(Short web captions)
↓

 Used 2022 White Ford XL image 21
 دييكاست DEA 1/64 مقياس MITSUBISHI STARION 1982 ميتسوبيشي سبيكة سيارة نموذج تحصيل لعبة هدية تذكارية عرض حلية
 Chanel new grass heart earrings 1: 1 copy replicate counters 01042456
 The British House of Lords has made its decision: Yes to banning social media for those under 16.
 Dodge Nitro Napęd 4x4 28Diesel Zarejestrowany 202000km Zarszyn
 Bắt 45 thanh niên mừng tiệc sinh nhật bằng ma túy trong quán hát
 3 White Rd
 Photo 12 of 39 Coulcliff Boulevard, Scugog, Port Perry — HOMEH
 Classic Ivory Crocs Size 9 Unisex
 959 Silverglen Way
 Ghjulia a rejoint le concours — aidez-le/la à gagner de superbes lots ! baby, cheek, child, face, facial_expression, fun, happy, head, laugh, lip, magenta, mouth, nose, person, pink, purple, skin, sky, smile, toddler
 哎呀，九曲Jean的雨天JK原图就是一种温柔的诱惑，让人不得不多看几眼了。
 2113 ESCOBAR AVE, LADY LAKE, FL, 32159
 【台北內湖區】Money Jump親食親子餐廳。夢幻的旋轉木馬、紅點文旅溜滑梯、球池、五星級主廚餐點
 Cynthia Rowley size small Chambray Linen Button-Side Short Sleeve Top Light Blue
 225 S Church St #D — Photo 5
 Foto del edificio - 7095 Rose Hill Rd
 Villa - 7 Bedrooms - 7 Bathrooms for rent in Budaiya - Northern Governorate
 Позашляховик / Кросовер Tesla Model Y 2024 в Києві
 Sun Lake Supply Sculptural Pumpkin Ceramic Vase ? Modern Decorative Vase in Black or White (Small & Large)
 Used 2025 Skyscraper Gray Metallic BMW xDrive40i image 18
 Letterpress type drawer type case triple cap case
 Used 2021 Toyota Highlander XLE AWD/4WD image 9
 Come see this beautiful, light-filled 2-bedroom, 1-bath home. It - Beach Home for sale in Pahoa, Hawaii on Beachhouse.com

↑

WHAT IS REQUIRED: Copy out the lines above exactly, beginning at the one that contains "Classic Ivory Crocs Size 9 Unisex" and ending at the one that contains "225 S Church St #D — Photo 5".

EXERCISE OUTPUT:
 Classic Ivory Crocs Size 9 Unisex
 959 Silverglen Way
 Ghjulia a rejoint le concours — aidez-le/la à gagner de superbes lots ! baby, cheek, child, face, facial_expression, fun, happy, head, laugh, lip, magenta, mouth, nose, person, pink, purple, skin, sky, smile, toddler
 哎呀，九曲Jean的雨天JK原图就是一种温柔的诱惑，让人不得不多看几眼了。
 2113 ESCOBAR AVE, LADY LAKE, FL, 32159
 【台北內湖區】Money Jump親食親子餐廳。夢幻的旋轉木馬、紅點文旅溜滑梯、球池、五星級主廚餐點
 Cynthia Rowley size small Chambray Linen Button-Side Short Sleeve Top Light Blue
 225 S Church St #D — Photo 5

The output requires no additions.